Student Co-op Homes launches groundbreaking share offer
News item
National body Student Co‑op Homes (SCH) is today (10 October 2019) launching a community share offer that aims to grow a vibrant co‑op housing market in the UK – and cultivate the next generation of co‑operators who can build a stronger society.
Today’s students in higher education face increasing pressure, debt and mental health challenges. Student housing co-ops are a solution that can break the cycle of high-cost, poor-quality private rents that drive up debt and exacerbate poor health.
Housing co-ops are affordable, not-for-profit homes that students manage and maintain themselves. There are no landlords and everyone works together for mutual benefit. They provide the conditions to nurture new generations of resilient, healthy graduates who can enter the workforce and shape society from a stronger position.
There are currently three student housing co-ops successfully operating in the UK – in Birmingham, Edinburgh and Sheffield. Already, graduates from these co-ops have gone on to form co-operative enterprises and live and work in co-ops.
Other student housing co-ops have been set up in Glasgow, Nottingham and Brighton but are struggling to buy property in a fiercely competitive market. SCH is launching the community share offer to raise up to £2million from investors so it can buy properties to lease to these student housing co-ops at affordable rates.
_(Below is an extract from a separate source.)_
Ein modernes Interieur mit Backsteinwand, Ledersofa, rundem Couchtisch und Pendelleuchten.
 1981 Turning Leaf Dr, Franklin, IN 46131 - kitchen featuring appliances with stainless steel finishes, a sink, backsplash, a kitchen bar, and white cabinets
It is SCH’s ambition is to increase the number of beds offered in student housing co-ops from 120 to 10,000.
Vivian Woodell, Director of Student Co-op Homes, said: “We are urging people and organisations to invest in our share offer so we can raise vital funds to break the cycle of poor-quality, high-cost student rents and vastly improve the lives of young people in higher education.”
Community share offers are a popular approach to raising finance, in which people and organisations invest large or small sums of money and become co-owners of vital enterprises – from affordable housing to community pubs to green energy.